GIVEN MATERIAL —
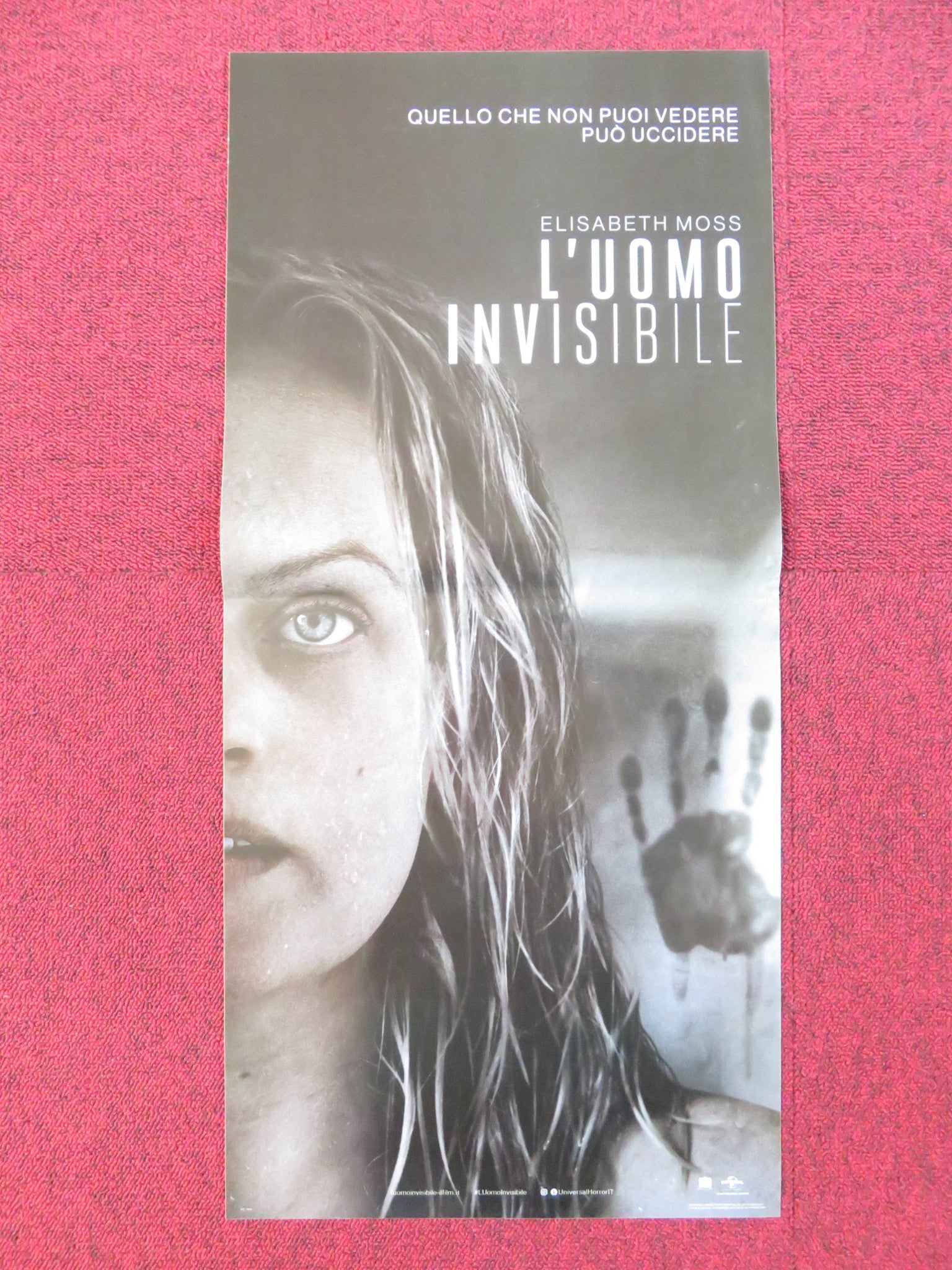 THE INVISIBLE MAN ITALIAN LOCANDINA POSTER ELISABETH MOSS O. JACKSON - COHEN 2020 Rendezvous Cinema Movie posters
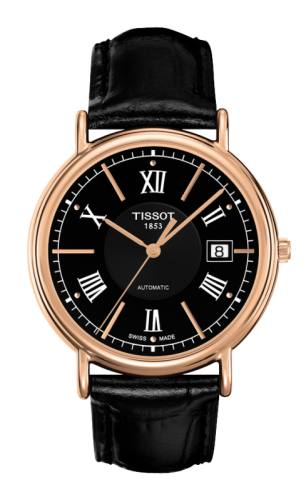 Tissot Carson Automatic 40 Rose Gold / Black / Strap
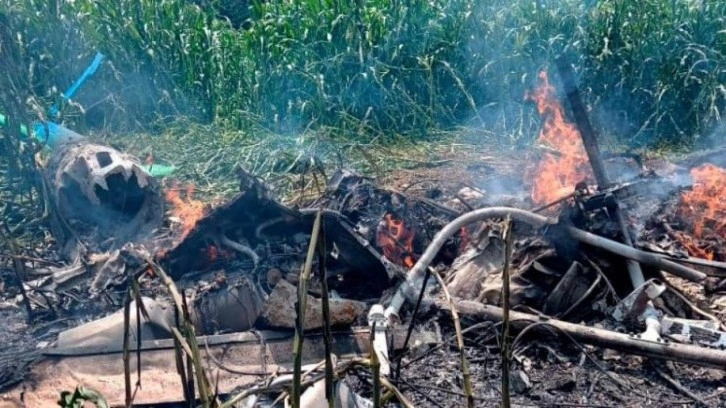 Meksika’da helikopter faciası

TASK GOAL —
All of the material above is to be retyped verbatim, with its pictures omitted.

SOLUTION TO THIS EXERCISE —
 THE INVISIBLE MAN ITALIAN LOCANDINA POSTER ELISABETH MOSS O. JACKSON - COHEN 2020 Rendezvous Cinema Movie posters
 Tissot Carson Automatic 40 Rose Gold / Black / Strap
 Meksika’da helikopter faciası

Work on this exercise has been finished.